Okay. I am in serious need of some advice.
*Back Story: I met my husband back in 2013.. We each had one son from previous relationships, we were then married 6 months later, but my son was the one that lived with us. We get his every other weekend. I love his son very much, I love him just like I love my other children (We now have 2 year old twins) BUT Christmas is always a major issue for us… We are all about being fair. Equal for the kids, right? Right. Okay so every Christmas, my husband’s mother get equal amount of presents for each child. She doesn’t want either to feel like the other got more etc etc.. well my mother and grandmother, who are a huge part of my life, will maybe get the stepson 2 things and my son 4-5… Same with my grandmother. It makes my husband more than angry… and he’s definitely a grudge holder… Christmas is so stressful for me that I can’t even enjoy it because my husband is always furious with me every year because of my family not getting equal amounts of gifts.. *
Okay. So here I am with this. I have voiced this with my family that they should be getting equal because I, in no way, want stepson to feel left out or that he’s not apart of the family… At all. But.. they still do the same thing every year and will continue to do so. I just wish that my husband would understand that this is not my fault and that, truthfully, my family is just not as good and as sweet as his mother. Stepson’s mom is also married with two other children.. so Stepson is getting gifts from her family, our family, my family as well (even if it’s not much) and then stepdad’s family… So he’s not going to be in want.. He will have plenty. My son has us and my husband’s family.
Please help me to try and explain to my husband that getting so angry with me over gifts spoils my Christmas and that it is not about how many gifts the kid’s get. They’re spoiled brats already, we don’t need to make a big deal out of presents and the amount. *also: Stepson is with his mother’s family while we are opening gifts from my family so he has no clue he is getting less* I don’t know how to express it into words to him without making him angry. I just want to enjoy Christmas this year. Heelllppp
I know this is kind of all over the place so it’s ok if you don’t understand it. I just have a lot of feelings lol
mnmh16, you’re stuck between a rock and a hard place, indeed!!! ***hugs***
With that being said, and without sounding a bit…condescending, do you feel like you can sit your husband down and just talk to him about Christmas? What i mean there, is more or less that the holiday is supposed to be a celebration and a joyous time, not a pick-apart type of setting that will, in effect show the kids that Christmas is no more than a comparison of gifts and not the thoughts and feelings behind them. Sometimes, we all need a little reminder about why the holiday isn’t about ‘us’ as much as the kids and a happy time. ya know?

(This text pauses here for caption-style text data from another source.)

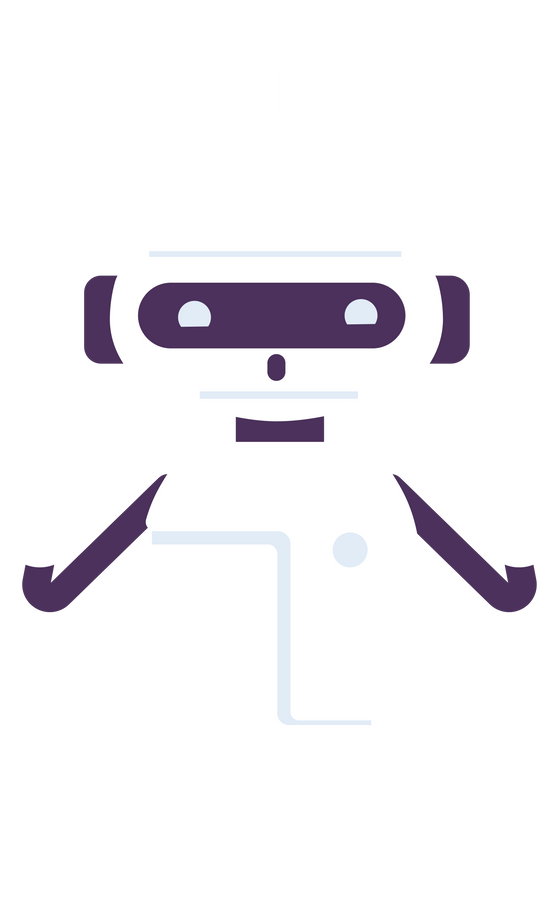 Robot Character Walking Standing Talking Funny Poses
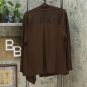 DG2 by Diane Gilman Women's Eco-Ponte Knit Drape Front Easy Jacket X-Large Espresso Crocodile Brown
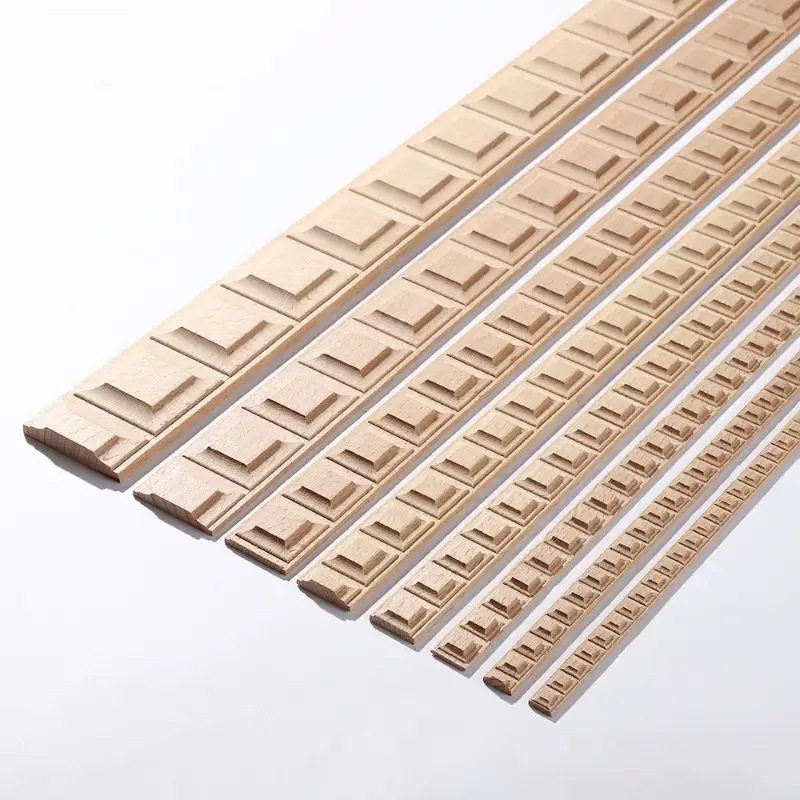 Cross-Border Supply of Solid Wood Lines, Waist Lines, Edge Lines, Background Wall Decoration, Wood Lines, Cabinet Door Border Lines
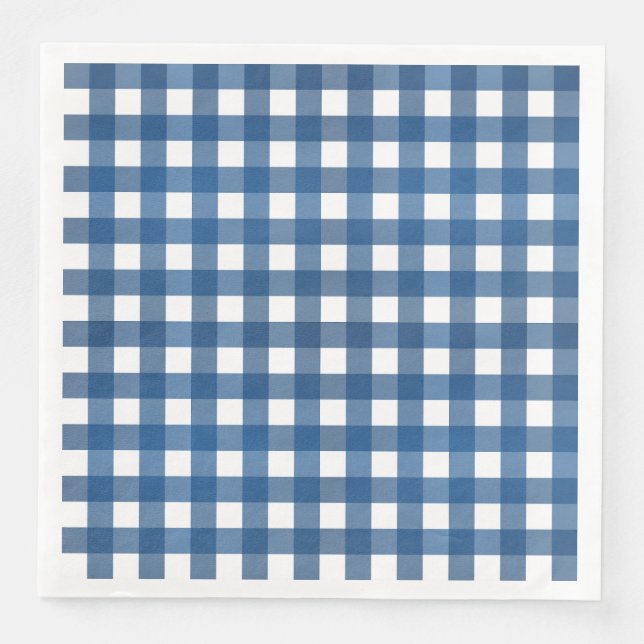 Servilleta De Papel De Cena Vichy Bleu marine (Anverso)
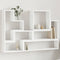 vidaXL - Wandschap - 96x12x64 - cm - bewerkt - hout - wit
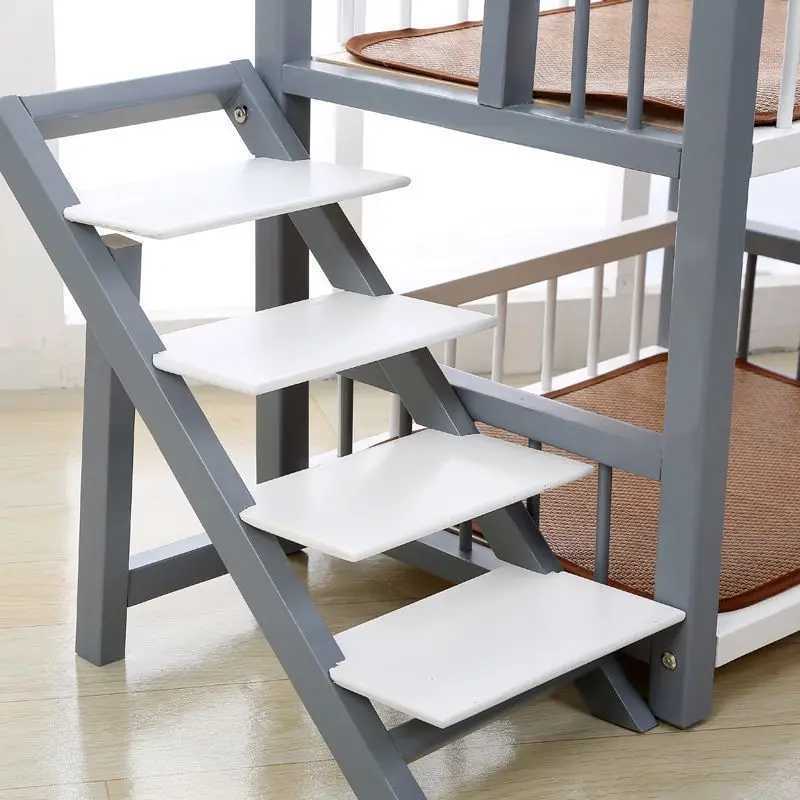 Dog bed solid wood puppy cat bed up and down sand pit pet double bed up and down double bed X250412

i dunno if that helped at all, but my heart goes out to you, just the same. The only other thing i can think of doing is to limit the amount of gifts given to everybody….but i know that wouldn’t go over well, either….
Good luck!!!
See this is what I try to tell him. We need to stop getting them so many gifts.. We don’t have the money and in the long run they won’t appreciate anything. What pisses me off is that the whole present thing is a fight between the adults and the kids couldn’t care less! I love him so much and he’s so good to me, but Christmas is a hard time between us.
It’s interesting that your husband gets so mad about it. Is he an only child? I don’t remember ever counting or comparing my presents to the ones my siblings received.
Not to be to cold but life is not fair. It’s not the worse lesson for the kids to learn. Kids are resilient. I’m sure if they get upset, they will bounce back in about ten minutes and start playing with the presents they did receive.
@morningcupofcoffee actually no!!! He has 4 other sisters. I think it’s absolutely ridiculous that I’m being punished because of something like this… The kids should get the hell over it. My twins will be opening more than both older boys because their stuff is cheaper. It makes me so sad that he makes Christmas solely about presents and I end up absolutely miserable. And look at what it teaches our children.